Надо указать, однако, что поправка на объективность не является чем-то постоянным для всего человечества.
У первобытных племен поправка на объективность совершенно иная от нашей. И самые чудесные и странные явления из области религиозной кажутся людям первобытным несомненно и реально существующими. И у нас нет никакого подхода к тому, чтобы разубедить их и рассеять это предполагаемое их заблуждение.
В галлюцинациях, в алкогольных видениях и в детской психологии поправка на объективность до известной степени существует.

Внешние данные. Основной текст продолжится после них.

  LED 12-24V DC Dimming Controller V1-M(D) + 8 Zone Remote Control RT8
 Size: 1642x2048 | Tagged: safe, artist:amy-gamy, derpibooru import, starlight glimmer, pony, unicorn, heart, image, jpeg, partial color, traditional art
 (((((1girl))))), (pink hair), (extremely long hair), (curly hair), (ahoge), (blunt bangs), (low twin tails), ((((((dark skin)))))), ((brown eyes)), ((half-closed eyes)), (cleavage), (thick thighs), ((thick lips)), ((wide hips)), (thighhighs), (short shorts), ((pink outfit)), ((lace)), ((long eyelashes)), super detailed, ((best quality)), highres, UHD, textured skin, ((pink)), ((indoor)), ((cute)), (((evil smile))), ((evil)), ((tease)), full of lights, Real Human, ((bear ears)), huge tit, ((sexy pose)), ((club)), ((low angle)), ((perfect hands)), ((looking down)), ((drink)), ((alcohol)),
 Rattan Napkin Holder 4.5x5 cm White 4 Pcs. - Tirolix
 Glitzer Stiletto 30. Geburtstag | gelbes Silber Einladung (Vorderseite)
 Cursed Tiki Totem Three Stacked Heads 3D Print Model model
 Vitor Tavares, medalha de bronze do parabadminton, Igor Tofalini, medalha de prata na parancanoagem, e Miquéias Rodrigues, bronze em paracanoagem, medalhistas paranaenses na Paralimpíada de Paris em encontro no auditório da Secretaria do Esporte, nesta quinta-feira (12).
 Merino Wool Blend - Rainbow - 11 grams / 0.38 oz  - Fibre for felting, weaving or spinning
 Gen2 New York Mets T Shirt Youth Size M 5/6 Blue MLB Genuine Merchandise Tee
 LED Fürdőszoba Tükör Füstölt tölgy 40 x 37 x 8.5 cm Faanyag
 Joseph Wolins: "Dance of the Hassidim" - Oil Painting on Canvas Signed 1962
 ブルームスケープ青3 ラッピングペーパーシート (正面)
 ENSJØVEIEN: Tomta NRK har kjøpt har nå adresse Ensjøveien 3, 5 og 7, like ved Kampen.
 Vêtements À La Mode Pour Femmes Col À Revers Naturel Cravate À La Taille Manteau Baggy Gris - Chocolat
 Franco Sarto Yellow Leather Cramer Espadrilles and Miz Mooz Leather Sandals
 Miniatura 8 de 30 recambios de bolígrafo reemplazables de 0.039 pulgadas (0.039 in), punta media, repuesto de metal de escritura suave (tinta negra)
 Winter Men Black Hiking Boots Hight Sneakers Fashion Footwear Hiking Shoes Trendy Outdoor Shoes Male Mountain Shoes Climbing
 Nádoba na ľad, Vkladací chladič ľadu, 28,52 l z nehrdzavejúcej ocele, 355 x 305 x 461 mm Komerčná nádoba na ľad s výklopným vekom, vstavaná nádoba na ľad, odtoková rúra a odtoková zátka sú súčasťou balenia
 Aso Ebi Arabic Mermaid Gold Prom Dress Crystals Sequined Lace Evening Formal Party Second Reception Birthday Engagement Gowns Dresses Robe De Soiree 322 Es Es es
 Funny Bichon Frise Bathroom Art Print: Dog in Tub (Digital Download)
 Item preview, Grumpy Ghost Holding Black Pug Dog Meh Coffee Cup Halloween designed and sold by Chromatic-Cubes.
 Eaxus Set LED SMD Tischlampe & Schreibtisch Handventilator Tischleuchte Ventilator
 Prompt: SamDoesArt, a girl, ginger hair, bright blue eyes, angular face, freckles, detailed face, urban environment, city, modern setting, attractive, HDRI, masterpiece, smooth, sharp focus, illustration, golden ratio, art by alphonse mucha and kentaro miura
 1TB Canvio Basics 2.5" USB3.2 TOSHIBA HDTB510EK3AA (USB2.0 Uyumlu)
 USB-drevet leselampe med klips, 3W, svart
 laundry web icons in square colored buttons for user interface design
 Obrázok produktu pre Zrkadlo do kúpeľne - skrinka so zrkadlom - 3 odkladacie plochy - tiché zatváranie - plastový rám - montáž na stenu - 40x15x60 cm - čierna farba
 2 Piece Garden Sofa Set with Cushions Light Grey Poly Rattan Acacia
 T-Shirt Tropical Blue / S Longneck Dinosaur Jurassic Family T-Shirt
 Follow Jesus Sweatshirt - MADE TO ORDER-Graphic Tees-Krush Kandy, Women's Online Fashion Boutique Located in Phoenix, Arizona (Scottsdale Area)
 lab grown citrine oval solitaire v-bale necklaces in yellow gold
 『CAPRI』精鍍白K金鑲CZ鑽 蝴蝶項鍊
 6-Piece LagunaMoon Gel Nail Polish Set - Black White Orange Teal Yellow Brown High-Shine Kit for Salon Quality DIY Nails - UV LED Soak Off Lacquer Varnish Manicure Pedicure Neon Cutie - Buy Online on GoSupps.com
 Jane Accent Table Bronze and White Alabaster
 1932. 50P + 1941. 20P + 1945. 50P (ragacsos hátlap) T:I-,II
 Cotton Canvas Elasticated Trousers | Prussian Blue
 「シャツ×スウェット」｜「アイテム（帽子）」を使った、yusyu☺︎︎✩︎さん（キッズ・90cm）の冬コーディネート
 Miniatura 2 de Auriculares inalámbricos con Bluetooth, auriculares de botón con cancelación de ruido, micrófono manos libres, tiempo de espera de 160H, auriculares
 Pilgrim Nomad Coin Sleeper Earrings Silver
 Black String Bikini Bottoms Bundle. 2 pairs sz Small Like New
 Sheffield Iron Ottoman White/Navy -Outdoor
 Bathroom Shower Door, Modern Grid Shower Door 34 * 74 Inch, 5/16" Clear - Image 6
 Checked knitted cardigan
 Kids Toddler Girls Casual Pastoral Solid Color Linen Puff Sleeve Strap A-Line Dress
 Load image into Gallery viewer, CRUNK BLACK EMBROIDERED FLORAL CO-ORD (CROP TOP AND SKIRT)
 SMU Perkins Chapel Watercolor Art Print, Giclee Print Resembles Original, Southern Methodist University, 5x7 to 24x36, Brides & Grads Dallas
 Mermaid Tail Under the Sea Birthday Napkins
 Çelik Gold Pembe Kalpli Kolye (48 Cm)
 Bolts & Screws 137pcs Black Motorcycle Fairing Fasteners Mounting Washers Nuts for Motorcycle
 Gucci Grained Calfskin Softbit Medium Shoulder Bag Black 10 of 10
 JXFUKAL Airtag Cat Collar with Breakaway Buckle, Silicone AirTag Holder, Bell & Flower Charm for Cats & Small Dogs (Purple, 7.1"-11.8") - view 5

Сюда относится проверка восприятий одного чувства восприятиями другого, детское определение реальности и игры, как
Наконец, во сне всякая грань между реальным и воображаемым, повидимому, отсутствует. Мы выражаем это, говоря: «у снов есть своя собственная логика». «Логика снов» совершенно не совпадает с логикой яви и, вероятно, никогда не будет совпадать. Помимо этой своеобразной логики сна мы совершенно не можем представить себе сновидения. Бывают, конечно, сновидения, так сказать, будничного свойства, но они совершенно не типичны. Типичны для сна именно другие, неожиданные сочетания различных признаков, неожиданное, немотивированное превращение форм бытия.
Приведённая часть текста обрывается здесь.